Federated Graph Learning via Structure-Aware Fusion Using a Kalman Framework with Learnable Dynamics
Abstract
Federated Graph Learning (FGL) enables collaborative training across distributed clients without sharing raw graph data. However, its performance is severely hindered by graph-specific heterogeneity arising from divergent node feature distributions and disparate graph structures. Existing FGL methods primarily focus on aligning or personalizing node features but largely overlook the role of structural knowledge, leading to aggregation-induced representation drift during message passing. We observe that structural heterogeneity often originates from feature-driven connection biases shaped by local data collection practices or user preferences.
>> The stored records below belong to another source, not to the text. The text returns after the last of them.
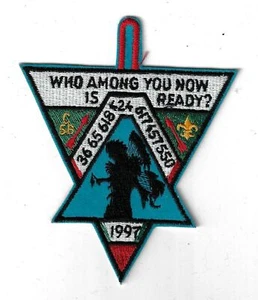 1997 OA Conclave C-5B Who Among You Now Is Ready BLK Bdr. - Picture 1 of 1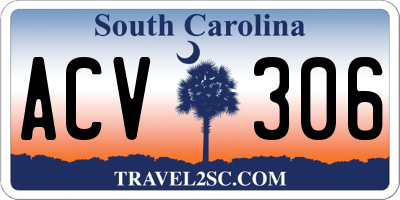 SC license plate ACV306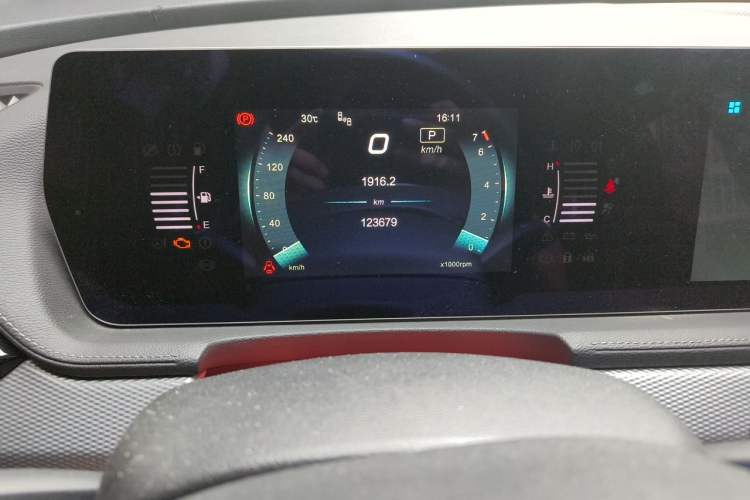 Used BAIC Beijing X7 2020 1.5TD DCT ZhiShang Edition Odometer Close Up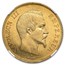 1856-A France Gold 100 Francs Napoleon III AU-58 NGC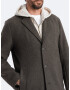 Ombre Clothing Палто Zelen - Pepit.bg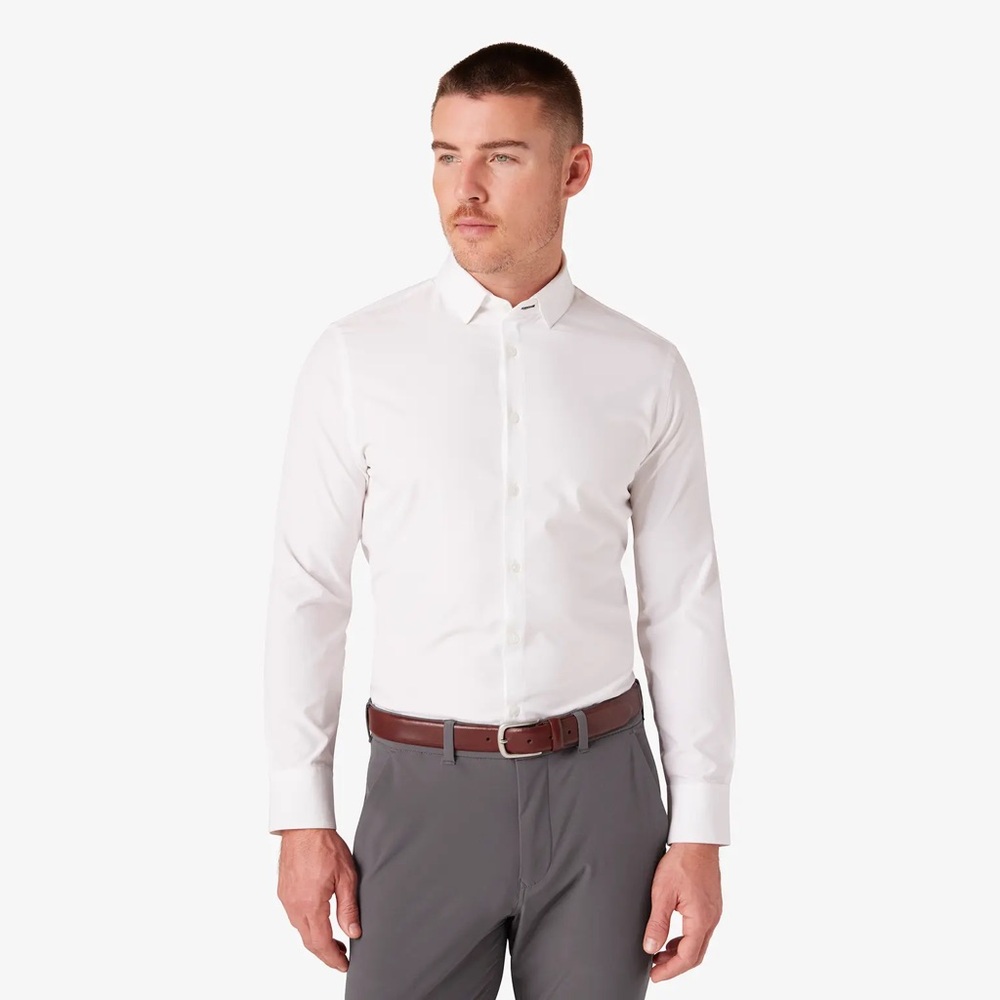 Mizzen+Main. Leeward Long sleeve dress shirt. XXL. White.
To address this, we propose \textbf{Fed-Kalter}, a novel FGL framework that integrates Kalman filtering principles into graph neural networks. Fed-Kalter introduces Kalter-Conv, a graph convolution grounded in a Kalman framework with learnable dynamics, which treats structural embeddings as latent states and feature-augmented neighborhoods as noisy observations, thereby filtering feature-induced structural noise in a layer-wise manner. Only structural parameters are aggregated globally, enabling effective cross-client knowledge transfer while preserving local personalization. Extensive experiments on 16 graph classification datasets spanning 4 domains demonstrate that Fed-Kalter consistently outperforms state-of-the-art FGL methods. Further ablation and hyperparameter studies confirm its robustness, efficiency, and effectiveness in mitigating structural heterogeneity.